Effective Temperature of Red Blood Cell Membrane Fluctuations
Eyal Ben-Isaac, YongKeun Park, Gabriel Popescu, Frank L.H. Brown, Nir, S. Gov, Yair Shokef

TL;DR
This paper investigates the concept of effective temperature in non-equilibrium biological fluctuations, specifically in red blood cell membranes, revealing how different measures can contradict and how physical motor properties can be inferred.
Contribution
It provides a theoretical framework comparing non-Gaussianity and effective temperature, and applies it to experimental data on red blood cell membrane fluctuations to infer motor characteristics.
Findings
Effective temperature can be frequency dependent and higher than ambient temperature.
Non-Gaussianity and effective temperature measures can contradict each other.
Experimental data can reveal the physical nature of motors in cell membranes.
Abstract
Biologically driven non-equilibrium fluctuations are often characterized by their non-Gaussianity or by an "effective temperature", which is frequency dependent and higher than the ambient temperature.

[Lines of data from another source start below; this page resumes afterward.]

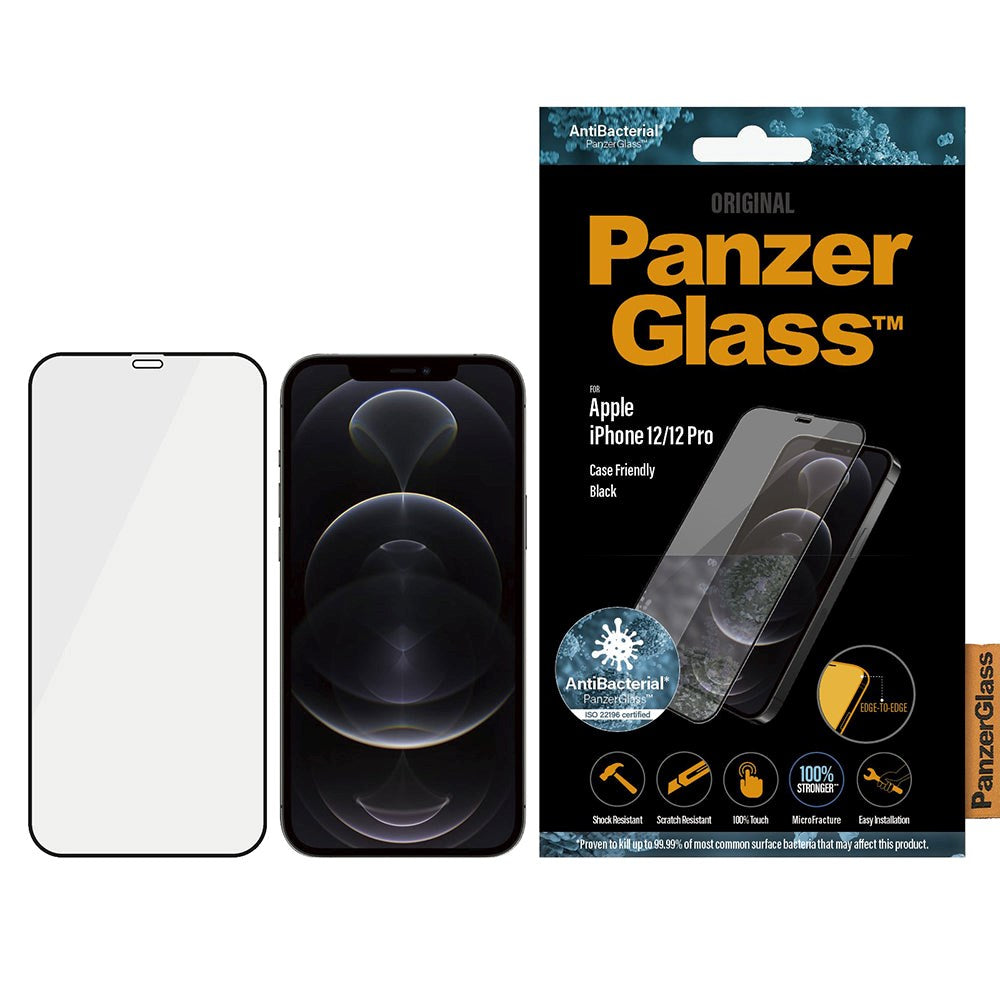 PanzerGlass iPhone 12 / 12 Pro AntiBacterial Edge-To-Edge Skærmbeskyttelse - Case Friendly - Sort Kant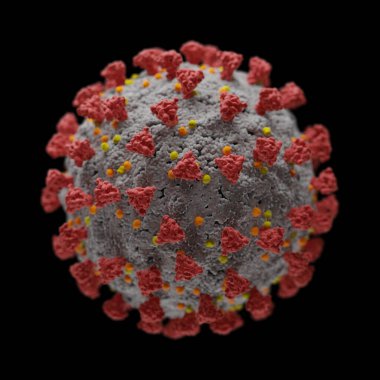 Sars Cov2 Coronavirus Covid 19 virüsünün 3D görüntüsü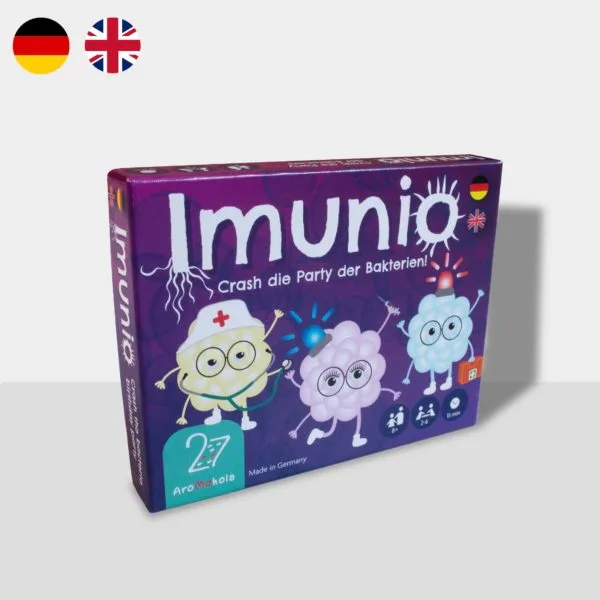 Cover of Imunio showing vibrant bacteria characters in a fast-paced card game setting.
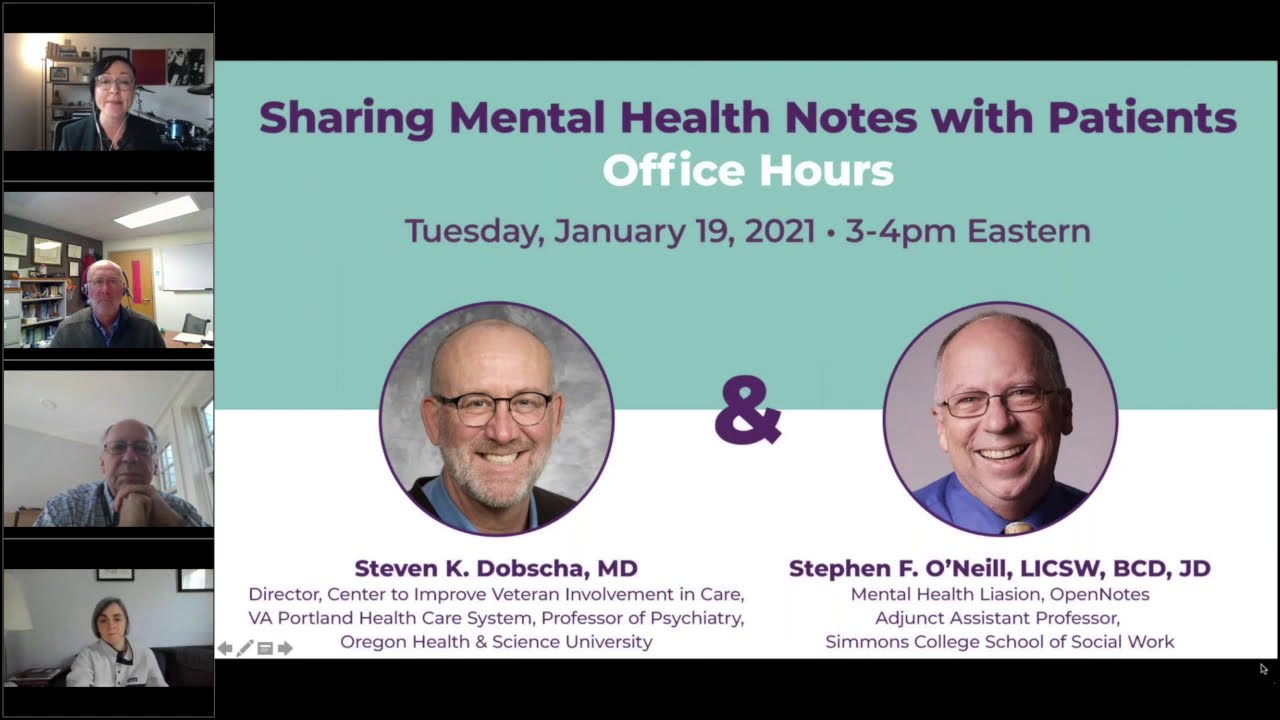 Grand Rounds 2021: Sharing Mental Health Notes with Patients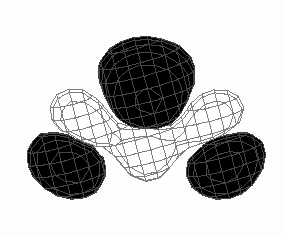 φ har nodytor mellan atomerna och är därför kraftigt antibindande. Genom böjningen övergår φ till en ensampar-mo och blir mindre antibindande: Energin minskar alltså vid vridning.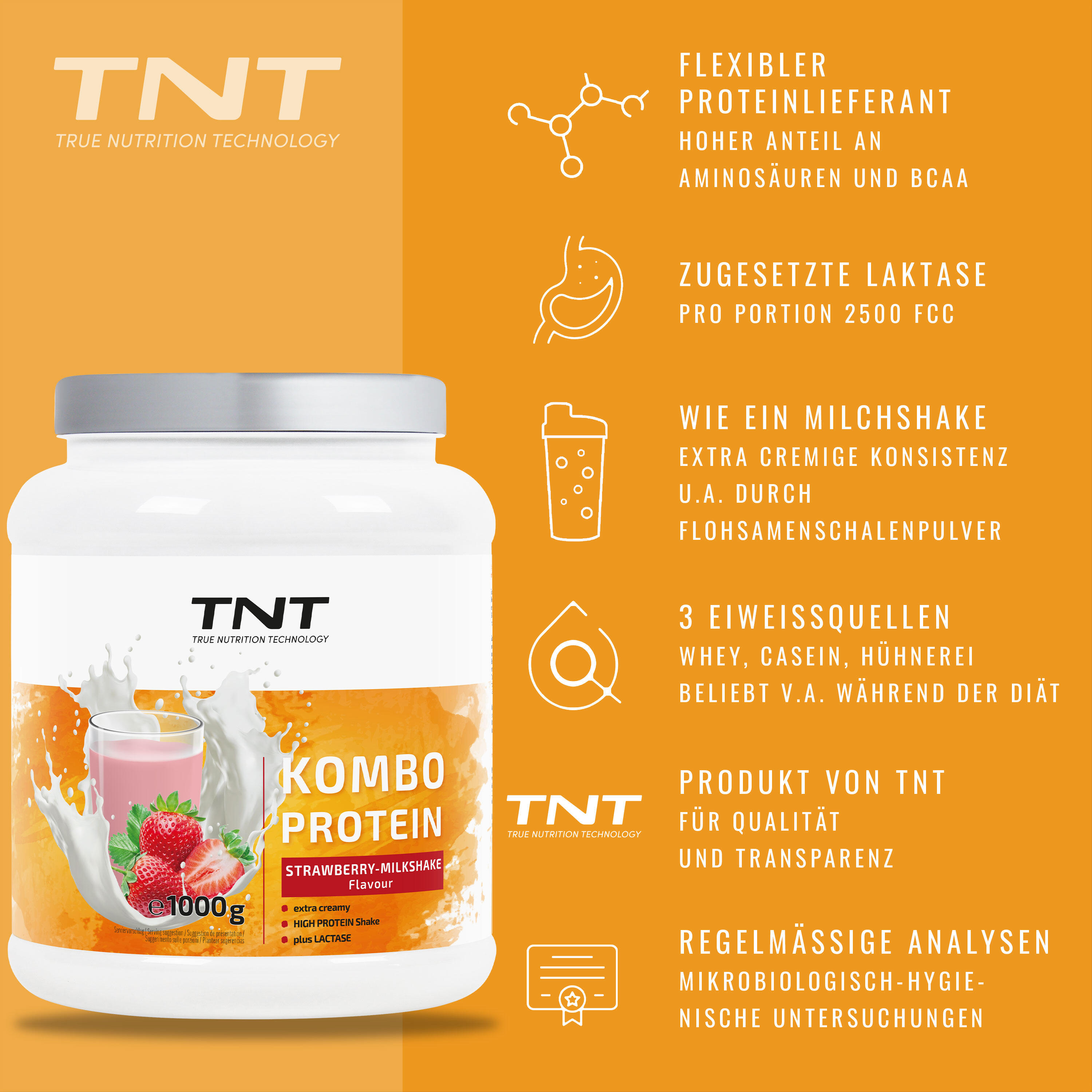 Kombo Protein - 3 Eiweißquellen + Laktase + Flohsamenschalen 2/7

We address these two measures theoretically by examining a randomly kicked "particle", with a variable number of kicking "motors", and show how these two indicators of non-equilibrium behavior can contradict. Our results are compared with new experiments on shape fluctuations of red-blood cell membranes, and demonstrate how the physical nature of the motors in this system can be revealed using these global measures of non-equilibrium.